Plaque commémorative de William Webb Ellis à Rugby School
Dès 1861, la presse locale relate une première rencontre entre Bishops et Rondebosch, deux lycées anglophones d'élite. En 1875 est fondé le Hamilton Rugby Football Club, considéré comme le plus ancien club du pays. Pour la population blanche, les sociabilités du rugby relèvent à l'école ou au club d'une pratique de distinction sociale et d'une affirmation de la supériorité raciale. De plus, ce sport s'organise au sein de réseaux sportifs et scolaires distincts et racialisés.
La ségrégation raciale et le rugby
Cette distinction se retrouve sur le plan institutionnel avec la création de fédérations : la South African Rugby Board pour les Blancs en 1889 et la South African Coloured Rugby Football Board en 1887. L'appropriation culturelle et politique du rugby atteint son paroxysme au sein de la communauté afrikaner, qui voit dans ce sport un moyen de contester l'hégémonie des colons britanniques et un vecteur du nationalisme afrikaner, associé au culte de la masculinité.
Lors de la seconde guerre des Boers (1899-1902), des milliers d'hommes se sont initiés au rugby dans les camps de prisonniers. Après le conflit, en 1906, une étape symbolique est franchie avec la première tournée dans les îles Britanniques d'une équipe nationale, dont l'Afrikaner Paul Roos devient le capitaine.
La mise en place de l'Apartheid, en 1948, exacerbe la fragmentation politique et culturelle du rugby. Parmi l'arsenal législatif déployé par le gouvernement d'Apartheid, deux lois configurent particulièrement la pratique du rugby. Voté en 1953, le Separate Amenities Act légifère notamment sur l'usage des infrastructures sportives. En 1954, le Bantu Education Act divise le système éducatif en quatre sous-systèmes : Bantu, Indien, « Coloured », Blanc. Elles interdisent la mixité raciale et favorisent les populations blanches.

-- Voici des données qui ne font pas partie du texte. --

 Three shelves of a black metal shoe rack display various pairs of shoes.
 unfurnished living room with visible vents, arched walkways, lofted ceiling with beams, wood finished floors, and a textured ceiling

Pour les populations blanches, les établissements réservés aux garçons cumulent prestige académique et excellence sportive : de leurs rangs sortent aussi bien l'élite politique et économique que les futurs Springboks. La construction de l'équipe nationale se fait donc par et pour une minorité démographique. Mais l'oppression politique ne diminue en rien la pratique du sport pour les populations de couleurs. La province de l'Eastern Cape s'affirme comme le terreau du rugby noir.

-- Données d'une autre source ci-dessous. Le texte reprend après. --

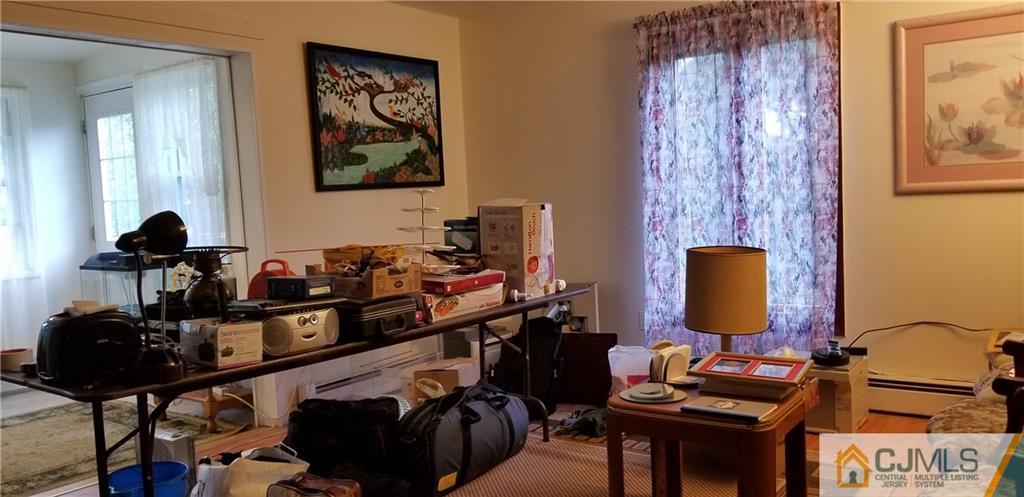 901 A Hermann Road North Brunswick, NJ 08902 - Photo 4 of 21 a room with furniture and wooden floor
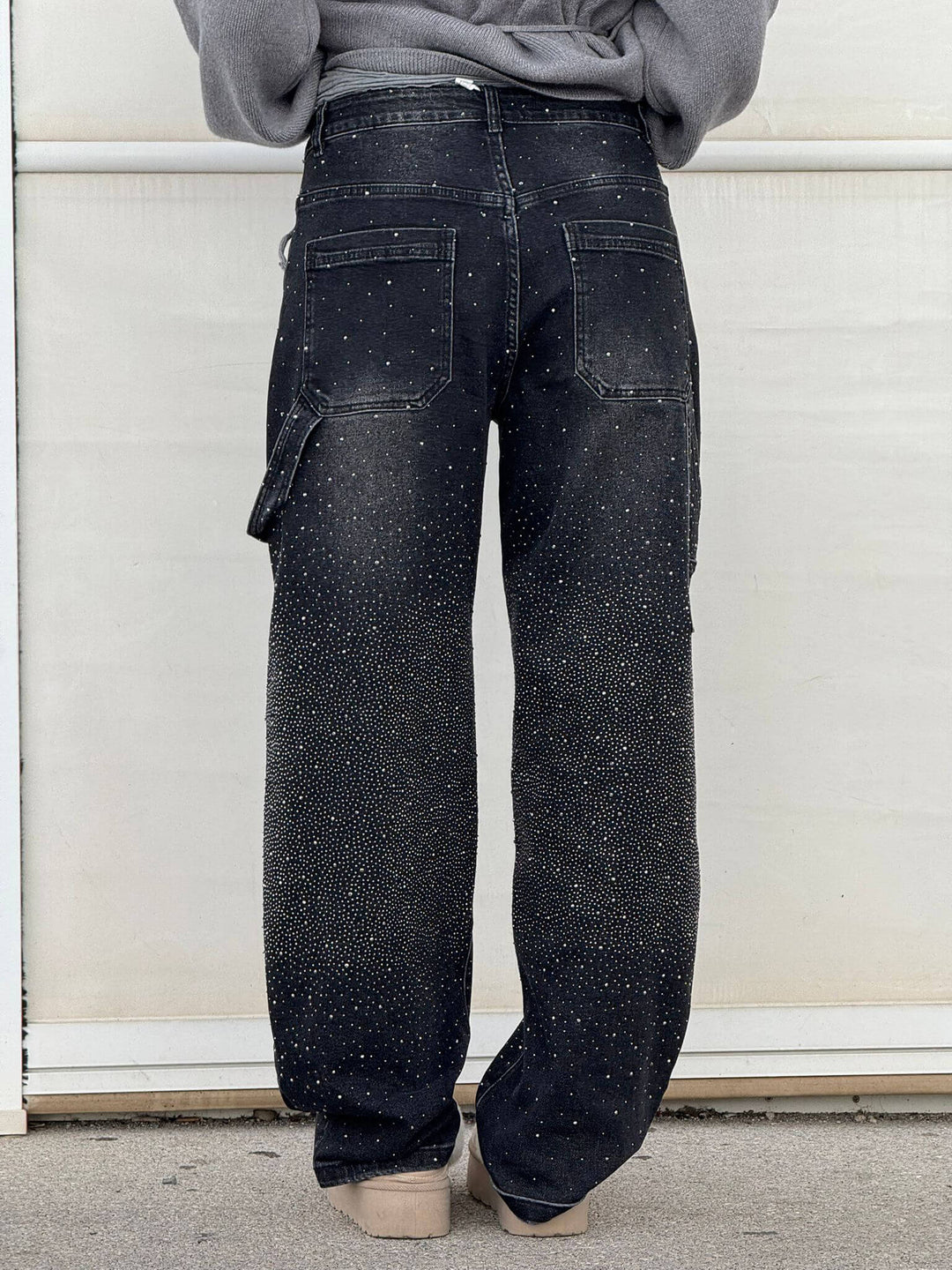 Side profile of women's flowy wide leg pants, highlighting the generous cut and elegant drape.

Quand les écoles, fautes d'infrastructures ou de savoir-faire, ne peuvent assurer la formation, les clubs locaux prennent le relais. Mieux, la pratique du rugby s'affirme comme un outil de lutte contre le régime. Sur le plan institutionnel, les communautés noires et métisses s'organisent pour créer en 1966 leur propre fédération, la South African Rugby Union qui promeut la pratique du rugby multiracial.
A l'échelle internationale, le boycott des équipes sud-africaines a pour but de fragiliser le gouvernement afrikaner. Dans ce contexte, toute équipe qui joue contre les Springboks est encouragée : les All-Blacks de Nouvelle-Zélande restent encore aujourd'hui l'équipe de coeur pour nombre de métis et de Noirs sud-africains.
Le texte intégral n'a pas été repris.